Alanna Elder is a Report for America corps member focusing on Latinos in central Pennsylvania and the 2020 elections, how the growing community will make its influence felt, what barriers to voting exist and how it might affect this battleground state. Previously, she was deputy editor and podcast producer for the Latin America News Dispatch while pursuing a master’s degree in journalism and Latin American and Caribbean Studies at New York University. She has also worked for NPR member stations in Petersburg, Alaska and Laramie, Wyoming.
(Reading) — Students in the Reading School District are slated to take classes fully online during the first quarter of the school year. The decision has heightened the question of how to ensure they have access to internet.
A petition with at least 900 signatures calls on Reading City Council to push Comcast to provide free internet access to families in the district. It argues, the company’s cheaper plan is still not an option for many.
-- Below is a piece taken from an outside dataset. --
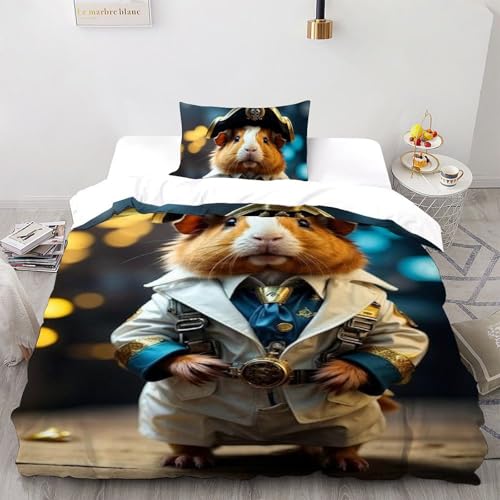 Housse de couette single imprimé 3D hamster pirate 135x200 microfibre résistante avec zip - 2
Petitioners Christopher Ellis and Becky Ellis, a member of Reading School Board, submitted comments to council members, who discussed the issue briefly at its Monday meeting.
Councilwoman Marcia Goodman-Hinnershitz said the city should “revisit” its agreement with Comcast.
“This is a crisis situation for our children,” she said. “We give them the right to establish their cable network throughout the city through this agreement, but we need to be able to look at whether there’s a way to amend it to be able to [get people access] to internet service.”
Councilwoman Lucine Sihelnik said the city could also do more to increase free WiFi hotspots around the city.
“The Reading Public Library, who drives through, I know specifically in District 1 – even though we don’t have a library, we have a van that drives through with the access,” she said. “So, we do have access points. We can do better and we need to do better for our students.”
The school district set up outdoor WiFi at 14 of its buildings, the Reading Eagle reported.
The petition cited data from 2018 suggesting that 50 percent of the city’s residents lack access to broadband, cable, or DSL, and about 33 percent have no access through mobile data plans. These numbers were higher than for the three other cities listed in the report as having low connectivity, including Philadelphia, Erie, and Allentown.
Philadelphia leaders announced last week the city plans to provide free access to 35,000 families, following the city school district’s decision to begin classes online only and demonstrations outside Comcast’s headquarters.